Description
This comforting Ginger Garlic Broth with Rice Noodles is a warm, nourishing bowl perfect for chilly days or whenever you need a soothing meal. Combining a flavorful vegetable broth enhanced with fresh ginger, garlic, turmeric, and vibrant vegetables, this recipe offers a healthy, gluten-free, and vegetarian option that’s easy to prepare. The addition of rice noodles and fresh greens makes it a satisfying and wholesome dish ideal for lunch or dinner.
Ingredients
Scale
Broth and Vegetables
- 6 cups vegetable broth (Substitute with chicken broth for non-vegetarian option)
- 2 tablespoons olive oil (Can use neutral oil if preferred)
- 1 medium onion (Shallots can be used for a milder taste)
- 3 cloves garlic (Fresh garlic is best to avoid bitterness)
- 1 tablespoon grated fresh ginger (Use less ground ginger for milder flavor)
- 2 medium carrots (Parsnips can be substituted)
- 2 stalks celery (Leeks can be used as an alternative)
- 1 teaspoon turmeric powder (Fresh turmeric can be used if available)
- 2 tablespoons soy sauce (Tamari for gluten-free version)
- 1 tablespoon apple cider vinegar (Lemon juice can be used as an alternative)
- Salt, to taste (Adjust according to taste)
- Pepper, to taste (Opt for low-sodium options if desired)
Noodles and Garnishes
- 8 ounces rice noodles (Can substitute with quinoa or gluten-free pasta)
- 2 cups fresh spinach or kale (Swiss chard can be used as a substitute)
- 1/4 cup fresh cilantro (Parsley is a suitable substitute)
- Sliced green onions, to taste (Adds extra flavor)
- Chili flakes, to taste (Provides a kick of heat)
Instructions
- Prepare the Vegetables: Finely chop the onion, mince the garlic, grate the ginger, and slice the carrots and celery into small pieces.

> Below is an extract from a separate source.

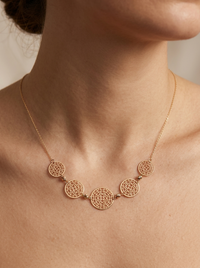 Gargantilla de oro14k diseño tipo filigranas Mod 5498 - 45 cm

Having these ready ensures a smooth cooking process.
- Sauté Aromatics: Heat the olive oil in a large pot over medium heat. Add the chopped onion, garlic, and ginger. Sauté until the onion becomes translucent and the mixture is fragrant, about 3 to 5 minutes. This step builds the base flavor of the broth.
- Add Vegetables and Spices: Stir in the sliced carrots, celery, and turmeric powder. Cook for another 2 to 3 minutes to slightly soften the vegetables and awaken the turmeric’s flavor.

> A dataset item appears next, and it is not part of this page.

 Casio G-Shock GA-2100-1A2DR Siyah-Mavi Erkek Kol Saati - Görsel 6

- Pour in Broth and Seasonings: Add the vegetable broth, soy sauce, and apple cider vinegar to the pot. Bring the mixture to a gentle boil, then reduce the heat and let it simmer for about 20 minutes, allowing the flavors to meld together.
- Cook the Rice Noodles: In a separate pot, cook the rice noodles according to package instructions until al dente. Drain and set aside. This prevents the noodles from becoming mushy in the broth.

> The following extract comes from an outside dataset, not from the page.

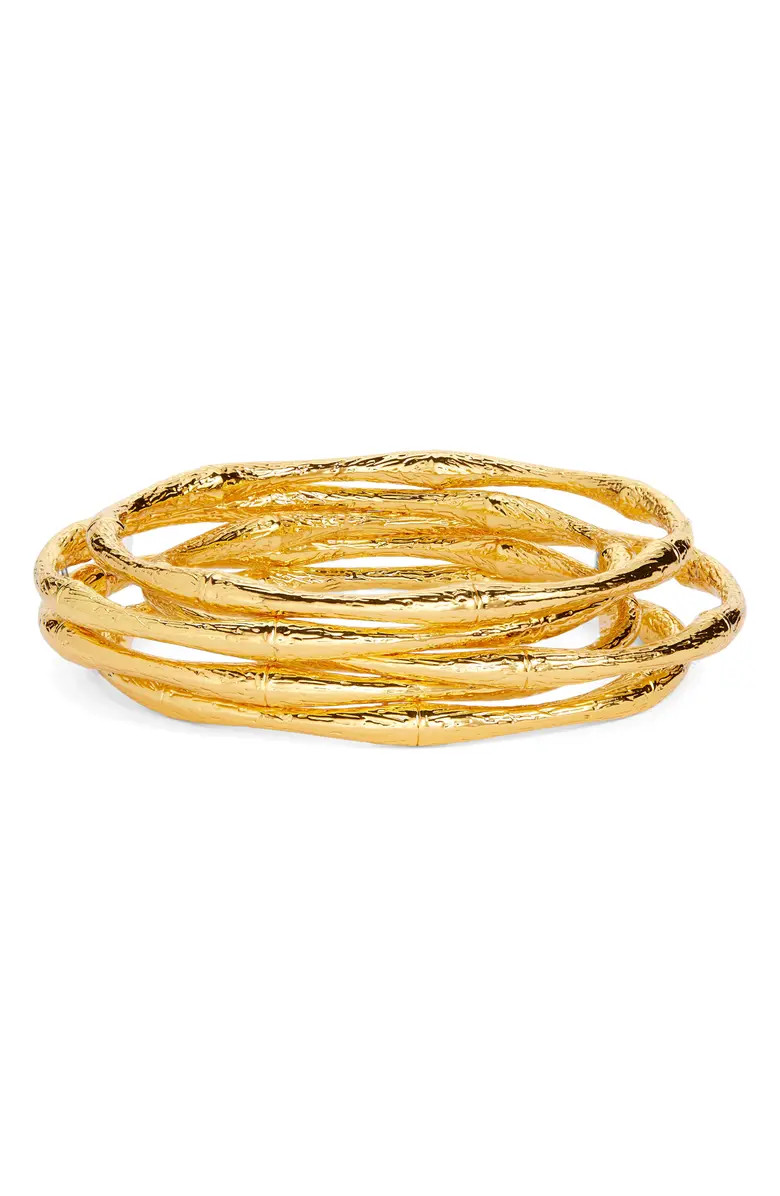 Cult Gaia Dahlia Set of 5 Bangles | Nordstrom | Nordstrom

- Add Greens and Adjust Seasoning: Just before finishing, add the fresh spinach or kale to the simmering broth. Stir until wilted, about 2 minutes. Taste and adjust salt and pepper as needed.
- Assemble the Bowls: Divide the cooked rice noodles into four bowls. Ladle the hot broth with vegetables over the noodles.
- Garnish and Serve: Top each bowl with fresh cilantro, sliced green onions, and a sprinkle of chili flakes for heat. Serve immediately for ultimate comfort.
Notes
- Use chicken broth for a non-vegetarian, richer flavor.
- Substitute tamari for soy sauce to make this recipe gluten-free.
- Adjust the amount of ginger and garlic to your preference for intensity.
- Adding apple cider vinegar balances the flavors but can be swapped with lemon juice for a fresh twist.
- Feel free to add protein such as tofu, chicken, or shrimp to make it more filling.
- Leftover broth can be stored in the refrigerator for up to 3 days.
- Rice noodles cook quickly; avoid overcooking to maintain their texture.